Designing for Human-Agent Organizations
2025 will be the year of agents. If you haven’t heard or read this from your favorite LinkedIn expert yet, you soon will. Ethan Mollick recently wrote a compelling article on the new organizational structures that agentic AI will enable. His take—that AI will fundamentally reshape organizations—is insightful.
But we’d like to expand on it. Our focus has always been this: AI allows us to become more human. Agents, in particular, give me even more optimism that this vision will become reality.
What Are Agents?
Agents, or agentic AI, are systems that operate autonomously to execute tasks and make decisions on behalf of users. Unlike assistants, which rely heavily on direct instructions and human intervention, agents work independently, learning and adapting to their environment in real time. For example, an assistant might send you a weather update when asked, but an agent would automatically check your calendar, predict the impact of weather on your commute, and preemptively reschedule meetings or notify attendees.
Agents act as extensions of us—handling complex, data-driven tasks so we can focus on what makes us human: creativity, emotion, and connection. They don’t just follow instructions; they anticipate needs, solve problems proactively, and make decisions that align with our goals, freeing us from routine cognitive burdens.
The Human-Agent Relationship
“We will soon have more agents than humans on planet Earth,” says Philippe de Ridder, CEO at Board of Innovation. “Think about that. Every human will likely have at least one digital twin, probably more.”
Dominik Heinrich says: “Agents to manage our health, shopping, work emails, and even dating.
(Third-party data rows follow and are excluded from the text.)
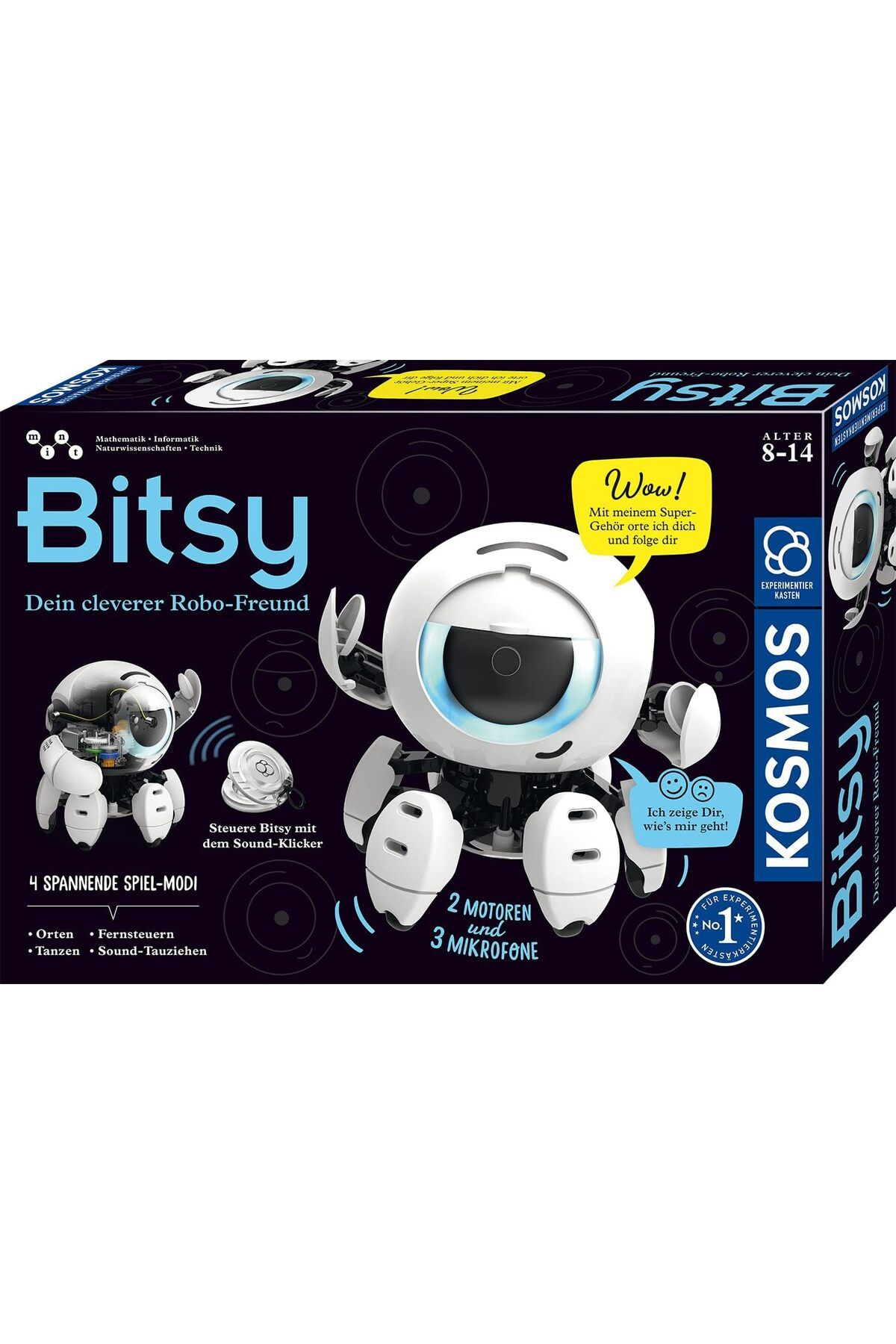 Kosmos 621094 Bitsy Akıllı Robot Arkadaş, Sesle Kontrol Edilen Robot, Çocuklar İçin Deney Seti 8-12 Yaş
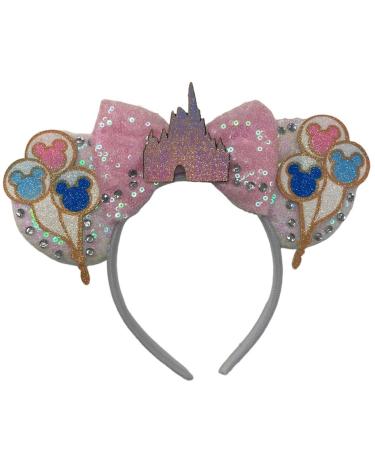 Iconic Disney Castle Display Mouse Inspired White Alice Headband With Big 5" Sequin Top Bow Handmade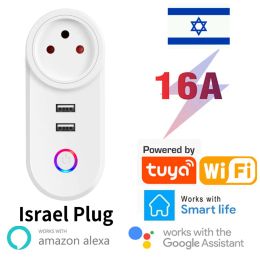 Plugs Israel Plug Tuya Smart Home 16a Wifi Smart Plug Power Socket Usb Charge Outlet Timing Voice Control for Alexa Google Assistant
These systems will handle our rational decisions—guided by data and optimized for the best outcomes. Of course, we’ll always have the ability to intercept their choices, but let’s be honest: if it’s convenient, will we bother?”
“Probably not.”
And this is where it gets interesting. With agents managing our routines and removing mental clutter, humans can re-focus on each other. The true conscious, emotional component of life. Isn’t that beautiful? Imagine a world where relationships are more intentional, where interactions are more meaningful because we’re not bogged down by decision fatigue. Competitive advantage will no longer come from speed or automation—it will come from critical and creative thinking.
At Creative AI Academy and in our classes at Pratt Institute and tested with University of Applied Science Lucerne, we teach this concept through a model we call Infinite Design:
Human-Led Thinking paired with AI-Led Generation and Simulation. The human-to-human discussions, supported by our individual agents, will become the difference maker—a shift from efficiency to imagination.
What Does This Mean for Organizational Structures?
This is where Ethan’s perspective and mine align: organizations will be redesigned around the Human-Agent relationship. But here’s the nuance—agents will take on tasks previously reserved for humans, and that means they must be treated like humans.
Think about it:
Agents require motivation. Not the emotional kind, but the data kind—enough input to function effectively and improve over time.
They need KPIs and OKRs to measure performance and ensure they’re achieving the outcomes we expect.
They need management, delegation, and feedback loops, just like human teams do.
This creates a fascinating new reality for leaders. Imagine a department lead responsible for both humans and agents:
They conduct performance reviews for agents.
They analyze quarterly outcomes and set developmental goals.
They ensure agents and humans collaborate effectively, augmenting each other’s strengths.
It sounds futuristic, but it’s closer than we think. And here’s the kicker:
Humans will need to get better at delegation.
Not just managing people, but managing agents—defining clear objectives, assessing their outputs, and knowing when to trust the system or intervene. Leadership will evolve to include human-agent orchestration as a core skill.
Key Takeaways
Overindex on the human part in an agentic world. AI allows us to offload the routine so we can focus on what truly matters: creativity, emotion, and connection.
Design organizations for the Human-Agent relationship. Agents will play a significant role in our workflows, and structures must reflect that.
Apply the same rigor to agents as humans. Motivation, KPIs, feedback, and performance management must extend to the agent ecosystem.
The organizations that thrive in this future won’t be those with the most advanced AI tools. They’ll be the ones that design systems where humans and agents collaborate seamlessly, empowering each other to focus on what they do best. For humans, that’s thinking critically, connecting deeply, and imagining boldly.
Let’s get ready for 2025—the year of agents—and design with the human-agent relationship in mind.